Wayne S. Vucinich (June 23, 1913 – April 21, 2005) was an American historian. Following World War II, he was one of the founders of Russian, Slavic, East European and Byzantine studies at Stanford University, where he spent his entire academic career.

Life
Vucinich was born in the United States to a family of Serb immigrants who had come from Bosnia in the early twentieth century. He was born in Butte, Montana in 1913, and lived there until he was orphaned at 5 years old and then sent back to Herzegovina.

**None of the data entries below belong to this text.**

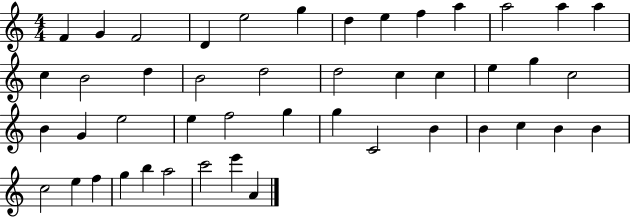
{
  \clef treble
  \numericTimeSignature
  \time 4/4
  \key c \major
  f'4 g'4 f'2 | d'4 e''2 g''4 | d''4 e''4 f''4 a''4 | a''2 a''4 a''4 | \break c''4 b'2 d''4 | b'2 d''2 | d''2 c''4 c''4 | e''4 g''4 c''2 | \break b'4 g'4 e''2 | e''4 f''2 g''4 | g''4 c'2 b'4 | b'4 c''4 b'4 b'4 | \break c''2 e''4 f''4 | g''4 b''4 a''2 | c'''2 e'''4 a'4 | \bar "|."
} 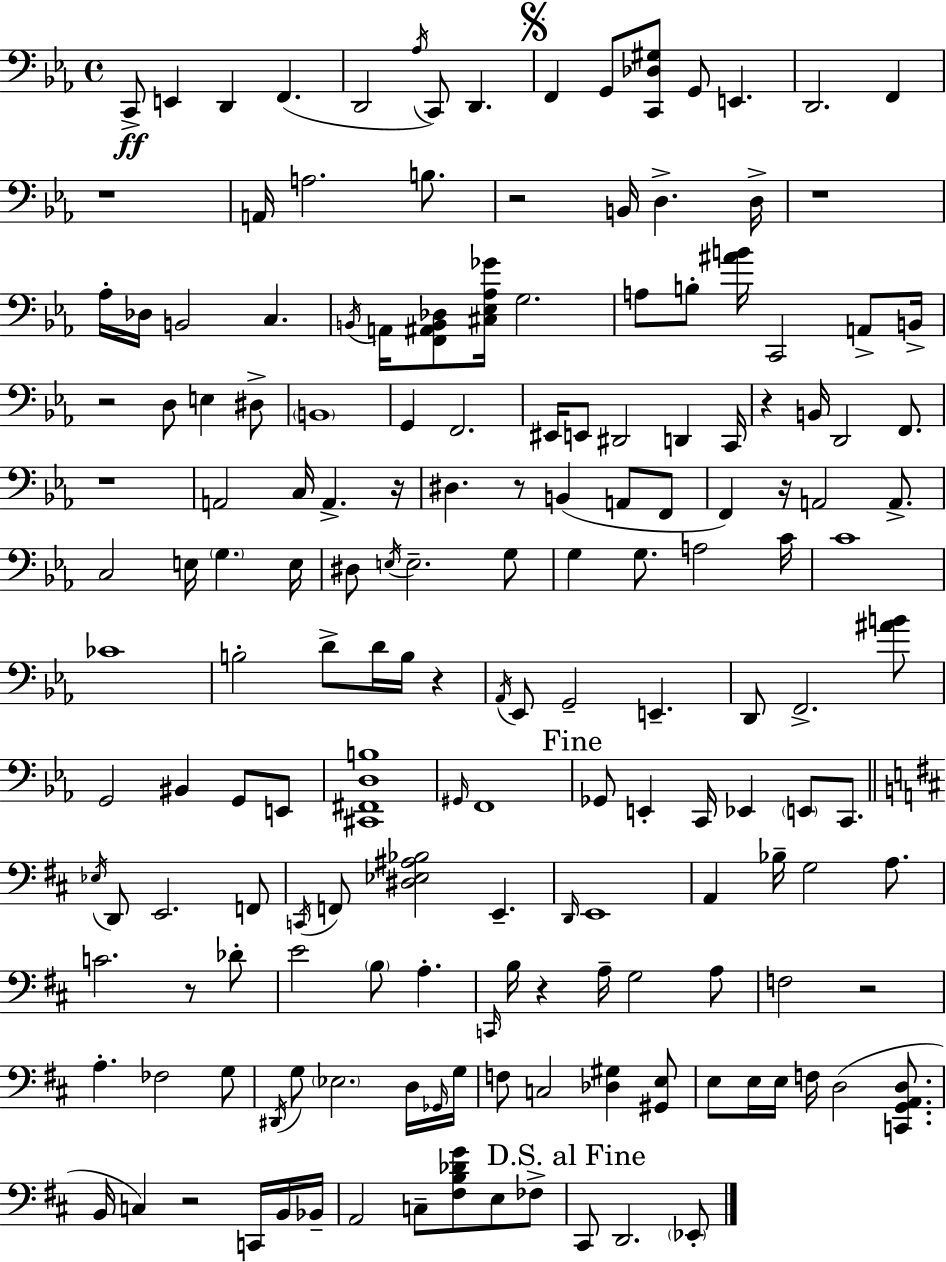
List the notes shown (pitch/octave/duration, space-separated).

C2/e E2/q D2/q F2/q. D2/h Ab3/s C2/e D2/q. F2/q G2/e [C2,Db3,G#3]/e G2/e E2/q. D2/h. F2/q R/w A2/s A3/h. B3/e. R/h B2/s D3/q. D3/s R/w Ab3/s Db3/s B2/h C3/q. B2/s A2/s [F2,A#2,B2,Db3]/e [C#3,Eb3,Ab3,Gb4]/s G3/h. A3/e B3/e [A#4,B4]/s C2/h A2/e B2/s R/h D3/e E3/q D#3/e B2/w G2/q F2/h. EIS2/s E2/e D#2/h D2/q C2/s R/q B2/s D2/h F2/e. R/w A2/h C3/s A2/q. R/s D#3/q. R/e B2/q A2/e F2/e F2/q R/s A2/h A2/e. C3/h E3/s G3/q. E3/s D#3/e E3/s E3/h. G3/e G3/q G3/e. A3/h C4/s C4/w CES4/w B3/h D4/e D4/s B3/s R/q Ab2/s Eb2/e G2/h E2/q. D2/e F2/h. [A#4,B4]/e G2/h BIS2/q G2/e E2/e [C#2,F#2,D3,B3]/w G#2/s F2/w Gb2/e E2/q C2/s Eb2/q E2/e C2/e. Eb3/s D2/e E2/h. F2/e C2/s F2/e [D#3,Eb3,A#3,Bb3]/h E2/q. D2/s E2/w A2/q Bb3/s G3/h A3/e. C4/h. R/e Db4/e E4/h B3/e A3/q. C2/s B3/s R/q A3/s G3/h A3/e F3/h R/h A3/q. FES3/h G3/e D#2/s G3/e Eb3/h. D3/s Gb2/s G3/s F3/e C3/h [Db3,G#3]/q [G#2,E3]/e E3/e E3/s E3/s F3/s D3/h [C2,G2,A2,D3]/e. B2/s C3/q R/h C2/s B2/s Bb2/s A2/h C3/e [F#3,B3,Db4,G4]/e E3/e FES3/e C#2/e D2/h. Eb2/e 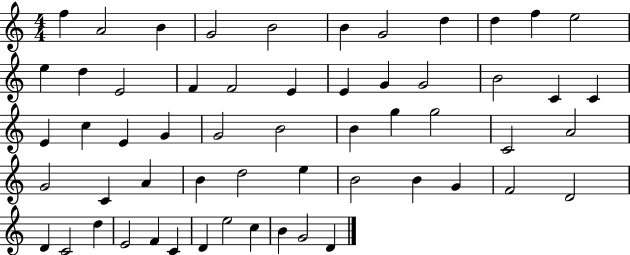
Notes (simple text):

F5/q A4/h B4/q G4/h B4/h B4/q G4/h D5/q D5/q F5/q E5/h E5/q D5/q E4/h F4/q F4/h E4/q E4/q G4/q G4/h B4/h C4/q C4/q E4/q C5/q E4/q G4/q G4/h B4/h B4/q G5/q G5/h C4/h A4/h G4/h C4/q A4/q B4/q D5/h E5/q B4/h B4/q G4/q F4/h D4/h D4/q C4/h D5/q E4/h F4/q C4/q D4/q E5/h C5/q B4/q G4/h D4/q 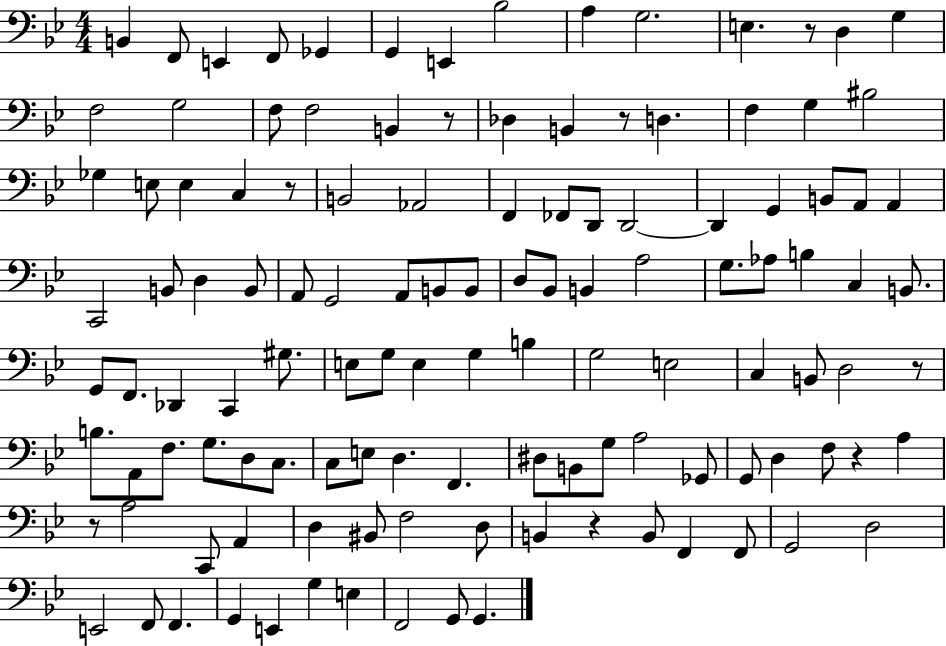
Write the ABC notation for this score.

X:1
T:Untitled
M:4/4
L:1/4
K:Bb
B,, F,,/2 E,, F,,/2 _G,, G,, E,, _B,2 A, G,2 E, z/2 D, G, F,2 G,2 F,/2 F,2 B,, z/2 _D, B,, z/2 D, F, G, ^B,2 _G, E,/2 E, C, z/2 B,,2 _A,,2 F,, _F,,/2 D,,/2 D,,2 D,, G,, B,,/2 A,,/2 A,, C,,2 B,,/2 D, B,,/2 A,,/2 G,,2 A,,/2 B,,/2 B,,/2 D,/2 _B,,/2 B,, A,2 G,/2 _A,/2 B, C, B,,/2 G,,/2 F,,/2 _D,, C,, ^G,/2 E,/2 G,/2 E, G, B, G,2 E,2 C, B,,/2 D,2 z/2 B,/2 A,,/2 F,/2 G,/2 D,/2 C,/2 C,/2 E,/2 D, F,, ^D,/2 B,,/2 G,/2 A,2 _G,,/2 G,,/2 D, F,/2 z A, z/2 A,2 C,,/2 A,, D, ^B,,/2 F,2 D,/2 B,, z B,,/2 F,, F,,/2 G,,2 D,2 E,,2 F,,/2 F,, G,, E,, G, E, F,,2 G,,/2 G,, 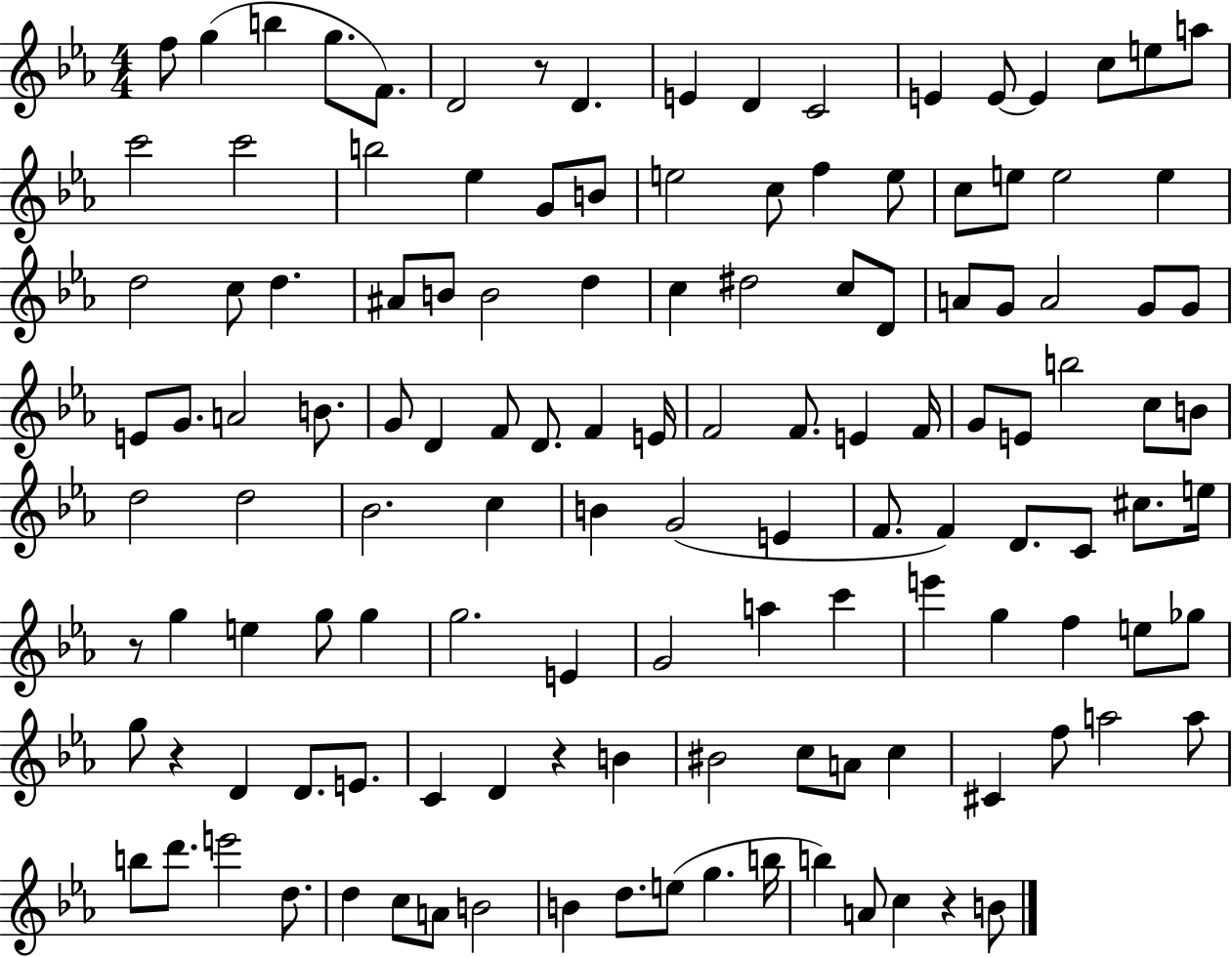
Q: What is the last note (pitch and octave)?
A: B4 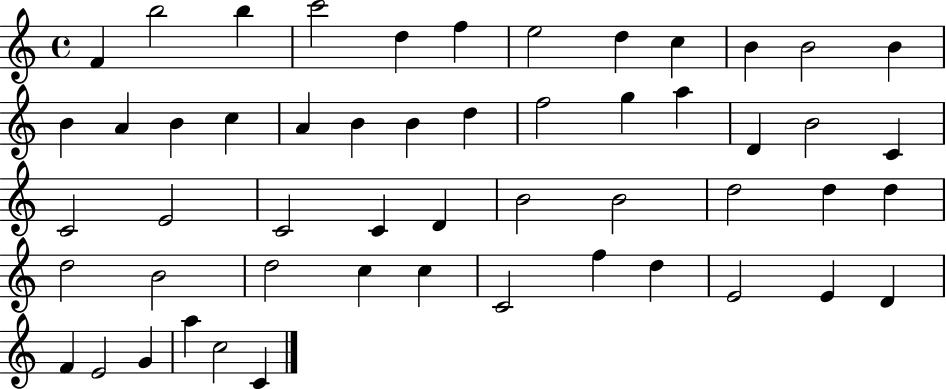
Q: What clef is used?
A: treble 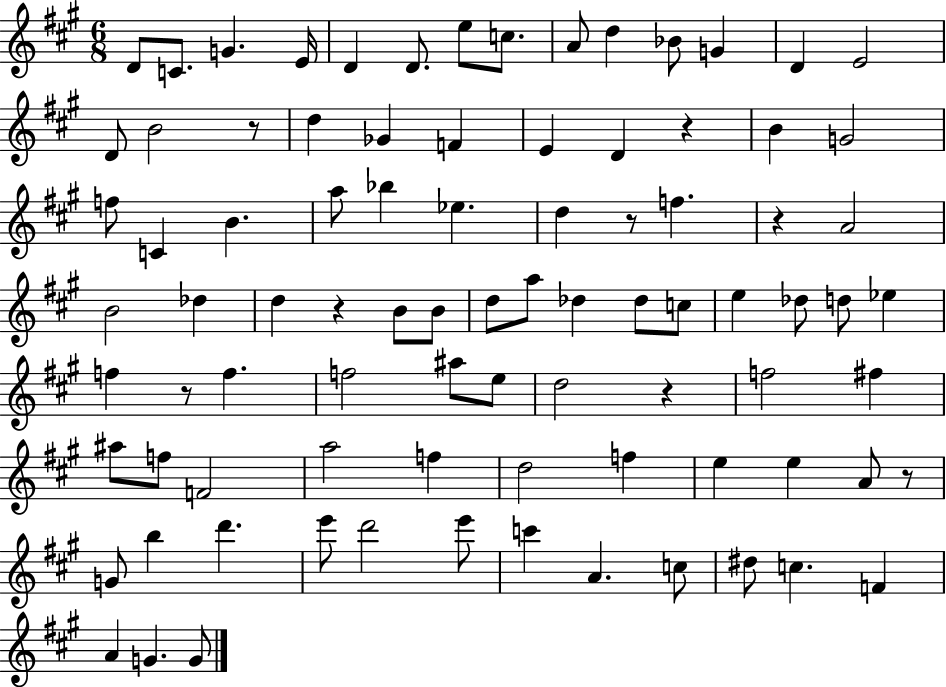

He was educated in Herzegovina and Los Angeles, California. He attended the University of California, Berkeley, earning a M.A. in East European history in 1936. He continued to pursue his doctoral studies between 1936 and 1941, also studying at Charles University in Prague.

Career
After graduating, Vucinich joined the Office of Strategic Services (OSS) and worked as an analyst for the Balkans and the Soviet Union during the Second World War. In the course of his assignments, he visited London, Bari and Sofia. In 1946, after working in the State Department for a year, he accepted an offer to teach in Stanford's History Department, where he worked until his formal retirement in 1978.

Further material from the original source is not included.